With the same aim, Adémar de Chabanne reports the story of multiple miracles.
“He followed Christ to Jerusalem where he served at the Last Supper. Previously, Jesus would have asked Saint Peter to send Martial to Gaul. With two companions, Alpinien and Austriclinien, Martial, the staff of Saint Peter in hand, set out to evangelize the people of Lemovices. On the way, Austriclinian died - we do not know what -, Martial took his stick and touched his deceased companion who resuscitated. He entered the land of Limousin through Toulx, he healed a possessed woman who was the daughter of Arnulfus as well as a young boy, the son of Nerva, who was going to perish in suffocation; the inhabitants, before the miracles performed, were converted. "[Insufficient source]

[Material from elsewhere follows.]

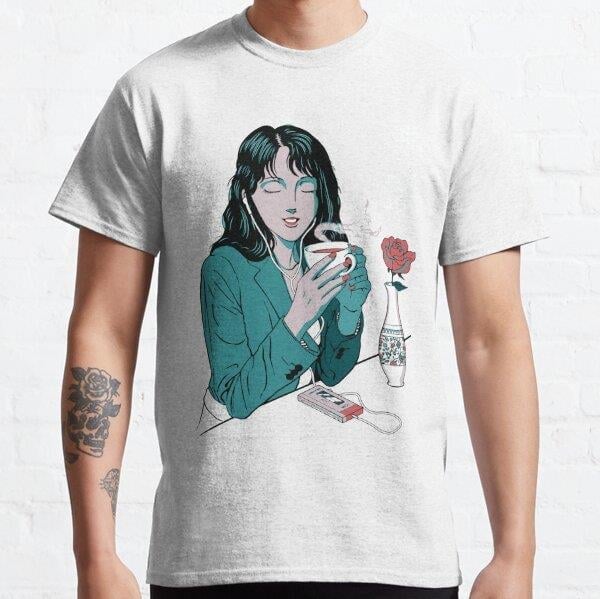 Unisex Chill Lofi Tea Tasarım Baskılı T-Shirt (Rahat Kalıp Tişört)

"On his way to Augustoritum he passed through Ahun where he restored sight to the pagan priests who had molested him, it was then that the demon came out of a statue of Jupiter which shattered. Martial healed a paralytic who had asked him for help. Christ appeared to Martial, ordering him to leave the city of Ahun to continue his mission: “Do not be afraid to go down to Limoges, where I will glorify you and be with you always.” Arriving in the capital of Lémovices, Martial cures a demented man in the presence of his hostess Suzanne and his daughter Valérie. But two pagan priests, André and Aurélien, imprisoned the three companions; the two Gallo-Romans were struck by lightning which killed them. Martial resuscitated them, then immediately after the two pagans confessed all their sins. After the miracle of Saint Valérie - see below - Martial resuscitated his executioner and Hildebert, son of the Count of Poitiers, who had drowned in Vienne. The three evangelizers left to convert the rest of Aquitaine, they arrived in Bordeaux where Martial healed Sigisbert, count of the city, who was paralyzed. The city was then the victim of a fire, but Martial with his stick extinguished the fire. He then left for Poitiers where Christ appeared to him, announcing the martyrs of Saint Peter and Saint Paul; some time later he reappeared to her, assuring her that he was going to die soon. Martial returned to Limoges and chose Aurélien, the former pagan priest, as his successor; the evangelizer died at a mass attended by many faithful who saw the apostle's soul rise to heaven. The first bishop of Limoges was buried outside the city; along the route of the funeral procession a paralytic was healed, the first of a long procession of sick people who would come to ask for their healing at the tomb of Saint Martial.
The portrait and the initials of Saint Martial appear on the coat of arms of the city of Limoges and it is also mentioned in the city's motto: Dieus gart la vila e sent Marsals la gent (Occitan): God keeps the city and Saint Martial the people.
The recognition of Martial as an apostle strengthens the success of the pilgrimage to Limoges. The Romanesque abbey dedicated to the Savior was one of the most beautiful churches in the south of France. The monks' library, for the most part kept at the National Library of France, is very rich, the illuminations of the manuscripts are magnificent witnesses of Roman art. The enamels produced there had immense renown in the Christian West.
From the end of the 12th century, many brotherhoods were created to honor Saint Martial and participate in his worship around his relics. The first was that of "the Luminary in front of the sepulcher", then, those "of the Oboles", that of Saint-Martial-du-Sépulcre "and the great brotherhood of Saint Martial.